In 2013, pop superstar Katy Perry released her song "Dark Horse" which quickly rose to popularity topping out at #1 on Billboard's Hot 100 list. Now, six years later, the originality of the song is coming into question.


Flame, artist of "Joyful Noise," accused Perry of copying. his synth beat. Originally a Christian rap song "Joyful Noise" features a melody similar to the style of "Dark Horse."


The case went to trial where Perry and her co-writers claimed they never heard Flame's song, but were found guilty of plagiarism by the jury. They now await a penalty.


While the songs have a similar beat--they are not the same song. The synth chords are not the same notes; they follow a related--but common pattern. Copyright laws are essential for protecting an artist's work, but when is it too far?


Nothing is original. When we create, we are influenced by people who were influenced by other people. Pop songs are not known for a high degree of originality or complexity. Perry, herself most likely didn't work on the instrumentals. "Dark Horse" was produced by Dr. Luke, Max Martin, and Cirkut, not Perry. The sound wasn't overly sophisticated; therefore, it's easy to see how two songs can sound similar without influence by one or the other.
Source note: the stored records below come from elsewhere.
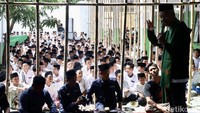 Ganjar juga sempat bertanya mengenai cita-cita para santri di ponpes tersebut.  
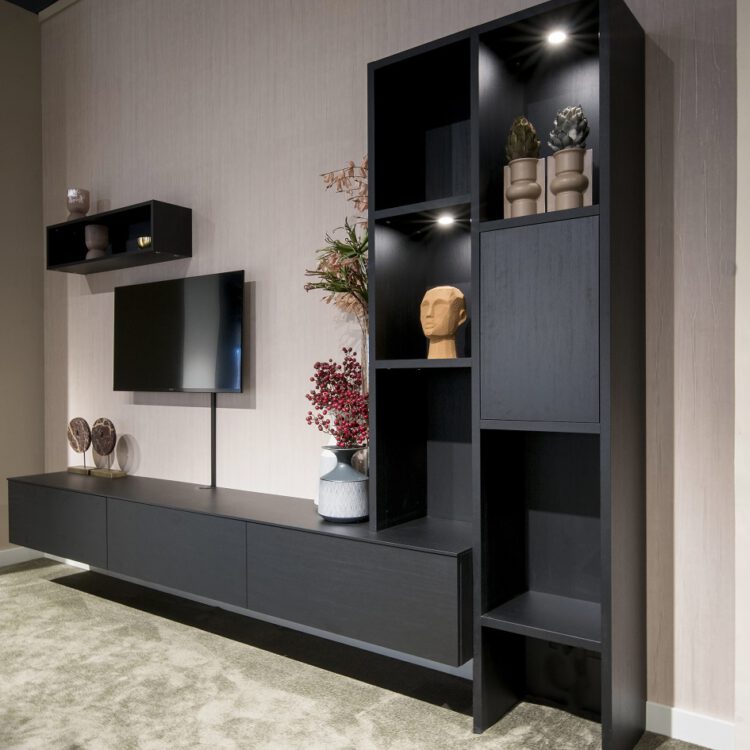 Zwarte tv kast op maat met verlichting, open vakken en dicht gedeelte met soft close deurtjes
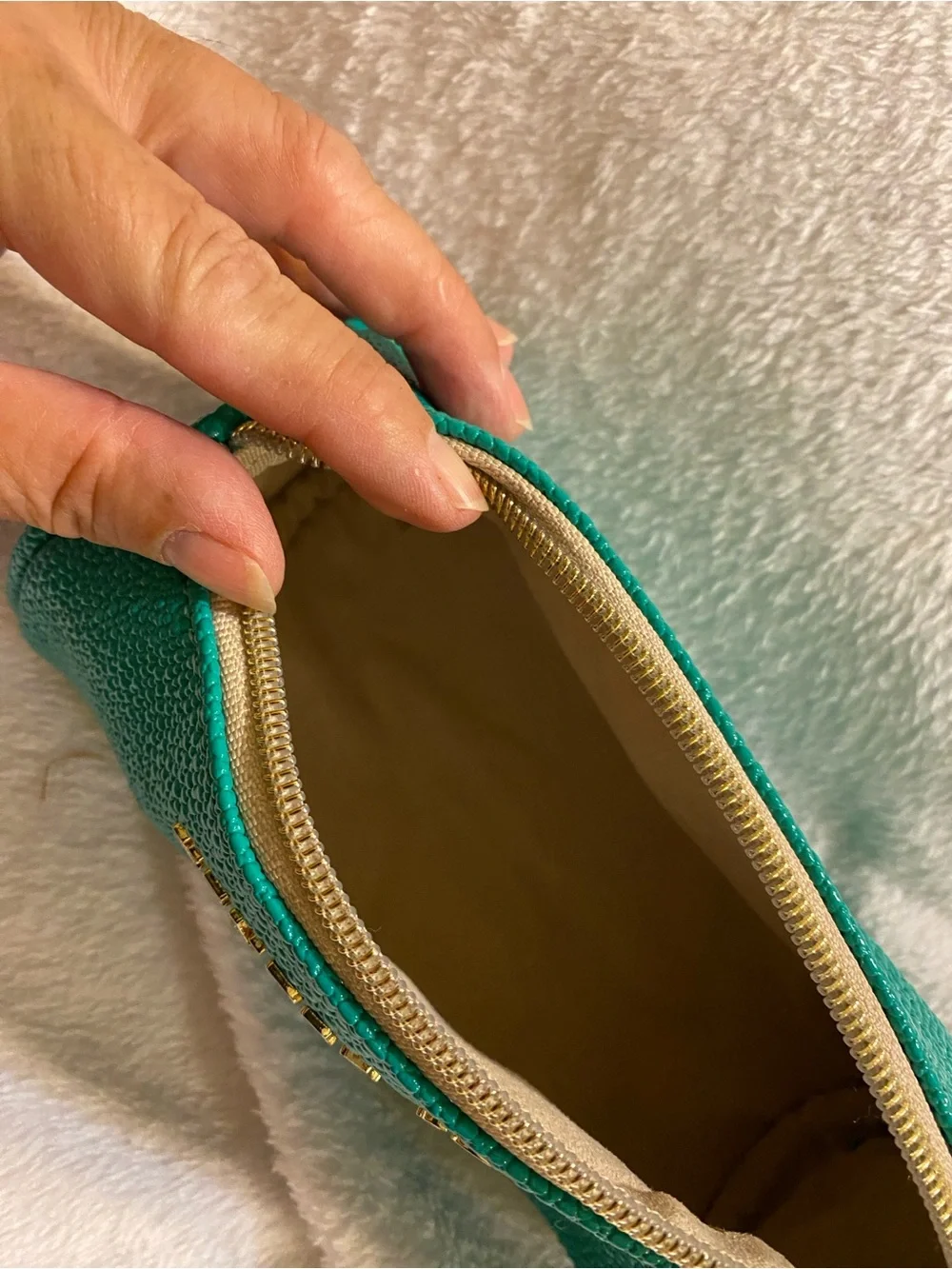 Kendra Scott Teal Pebbled Leather Cosmetic Pouch with Gold Hardware
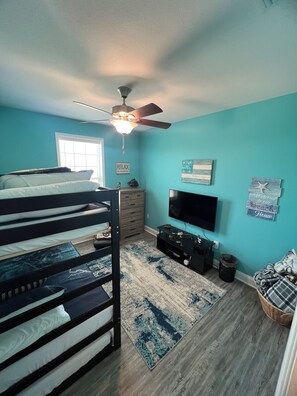 4 bedrooms, iron/ironing board, free WiFi, bed sheets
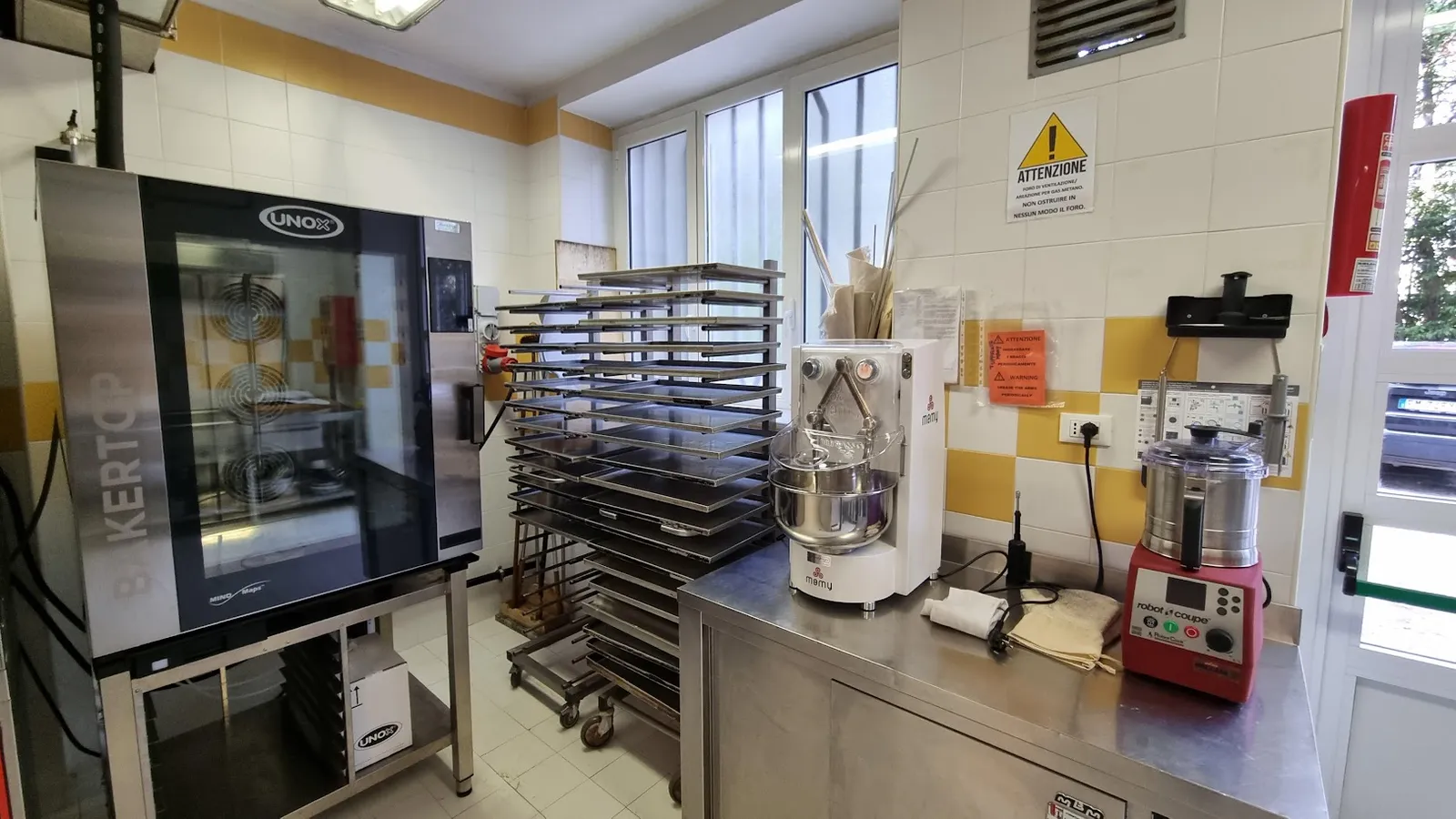 Istituto Alberghiero Martini - attrezzatura-laboratorio-pasticceria.webp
However, we cannot ignore that large companies are powerful enough to steal work by smaller artists for profit. They often have the money to protect themselves from these type of lawsuits. Yet, even so, Perry has been found guilty.


Copyright law is complicated, but it is necessary. Often it could be assumed "don't steal another person's work," but it can be abused. Being able to sue an artist because their work sounds similar without complete evidence of intentional plagiarism seems unfair.